What's The Worst That Can Happen?

As my loyal readers know, I'm all about experimentation. Over the course of the past few years, I've been to all sorts of energy workers and engaged in various types of unusual healing modalities for the sake of broadening my horizons. Recently, I've been thinking about one session in particular. During this very, very long session of energy work, the practitioner got me talking about fear. She had me visualize something that I was afraid of, and then repeatedly ask myself the question, "What's the worst that can happen?"

I participated with a marked lack of enthusiasm, feeling that the exercise was...well, kind of silly. I felt like a little kid as she kept asking me what the worst outcome of a situation could possibly be, and then dug deeper and deeper. If I remember correctly, we were exploring my fear of confrontation, and to the best of my recollection it went something like this:

Her: "What is the worst that can happen if you confront someone about an issue?"

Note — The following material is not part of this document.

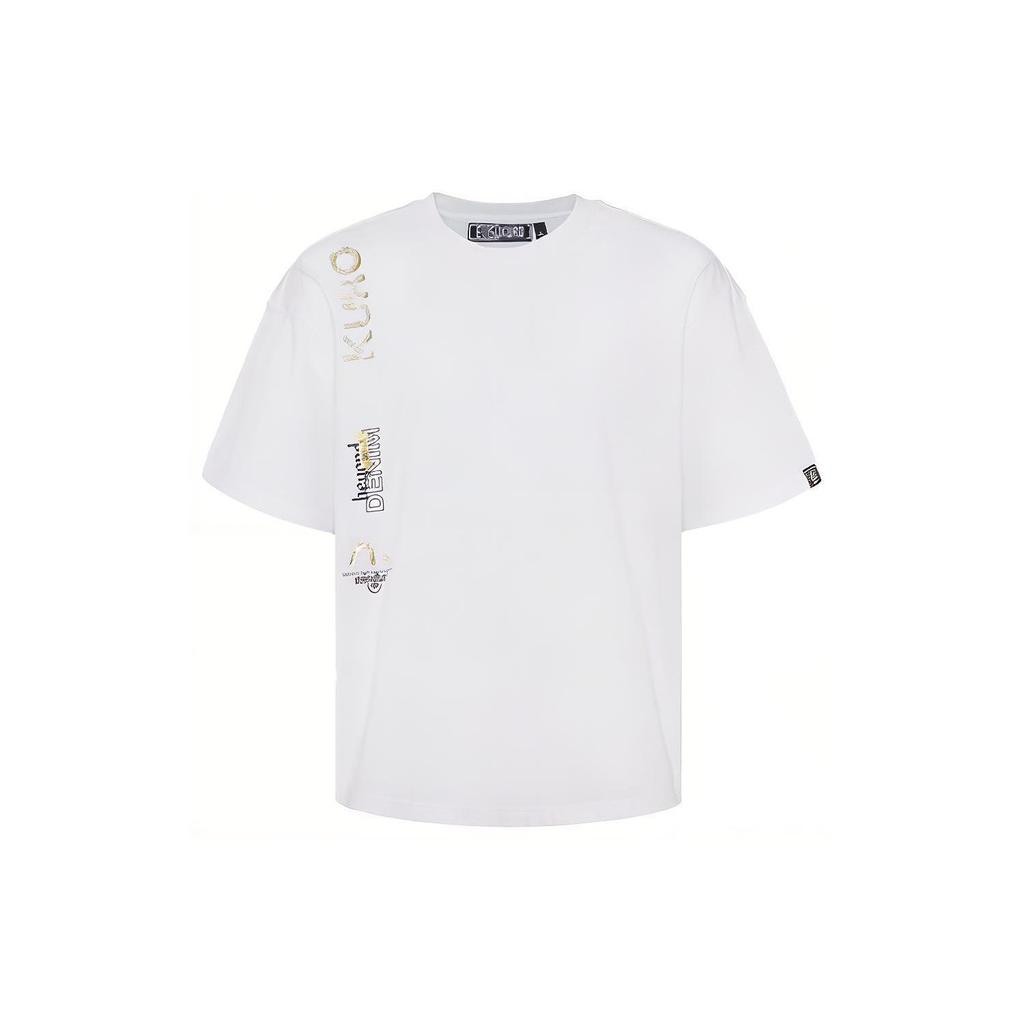 EVISU T-Shirts Men's White Crew Neck Moderate Straight Fit 2ESGNM1TS570BZ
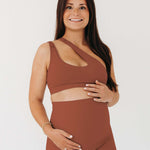 AXK CORE Cross Body Nursing Bra | Brown | Milk & Baby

Me: "They'll get angry, and things will escalate."

Her: "And what is the worst that can happen in that situation?"

Me: "They will hate me."

Her: "And what is the worst that will happen?"

Me: "They might never talk to me again. Or stab me in my sleep."

...And so on. In the end it turned out that my fear of confrontation really was based on a fear of death. Who knew?

While I wasn't focused (or perhaps mature) enough to get everything out of this exercise that I should have, I do think that there is something to be said for exploring our fears and separating the valid from the groundless. Sometimes, mentally visiting the worst possible scenarios can snap you back into focus and lead you to realize that, no, this fear does not serve a purpose. After all, the fear mechanism is the body's primary method of protection. The problem is, the body often can't distinguish between a threat to survival, and an experience that is simply unpleasant. Running from a bear should warrant a certain reaction: racing heart, shortness of breath, bursts of pupil-dilating adrenalin. I get these same effects from any sort of confrontation. Others get it from public speaking, or being alone, or any number of things which will certainly not lead to death or disfigurement.

So, if you have fears that are holding you back in life, I encourage you to try this exercise. Get as outlandish as you have to. The more detailed and outrageous you get with your visualization, the easier it will be for your mind to separate a groundless fear from a real threat. And when this separation takes place, the fear can finally be released.